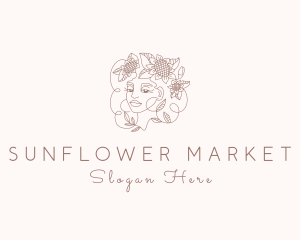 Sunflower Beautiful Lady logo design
- - -
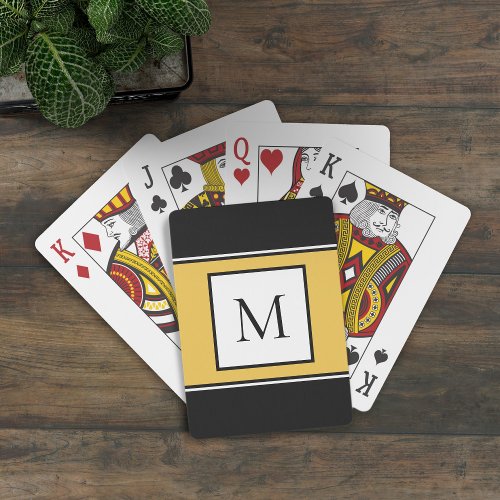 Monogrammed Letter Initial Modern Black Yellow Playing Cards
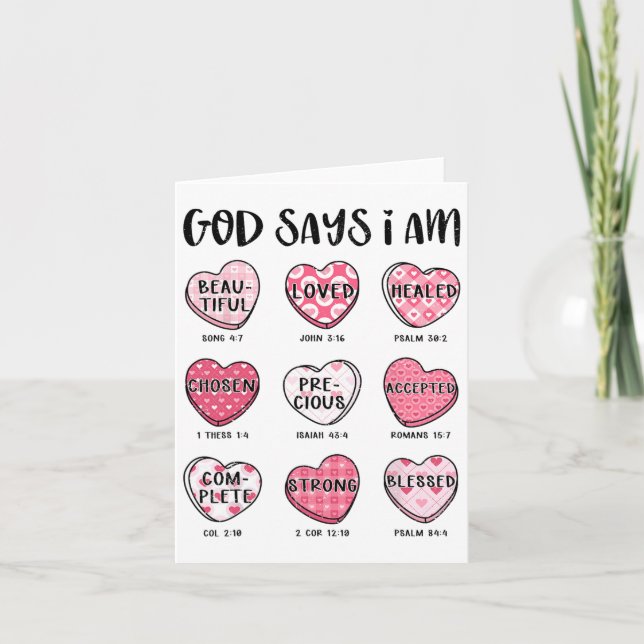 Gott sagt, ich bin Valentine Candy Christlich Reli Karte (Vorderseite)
- - -
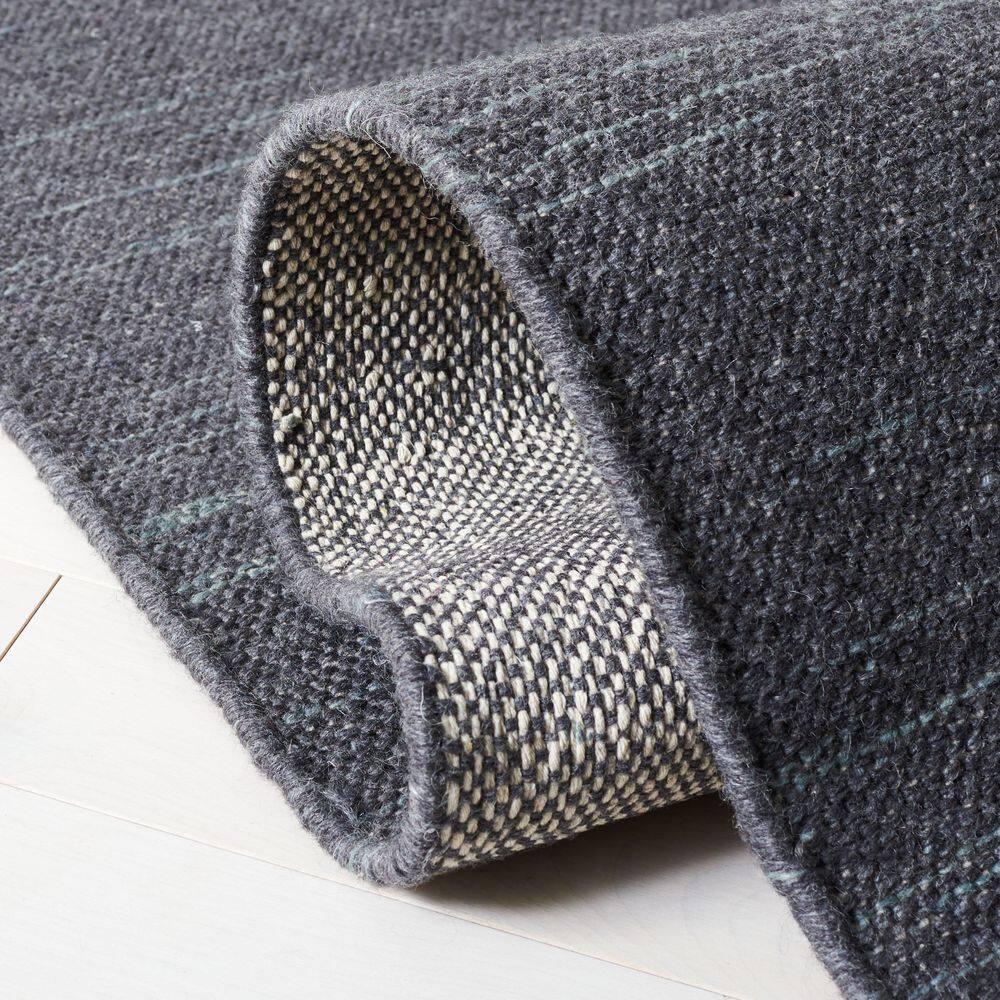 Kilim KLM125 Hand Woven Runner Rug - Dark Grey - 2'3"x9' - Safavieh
- - -
PROMPT => Lines wanted from the entries above: the one with "Monogrammed Letter Initial", the one with "Gott sagt, ich", and all lines between. Please copy them exactly, without the pictures and without anything else.

WRITTEN ANSWER =>
 Monogrammed Letter Initial Modern Black Yellow Playing Cards
 Gott sagt, ich bin Valentine Candy Christlich Reli Karte (Vorderseite)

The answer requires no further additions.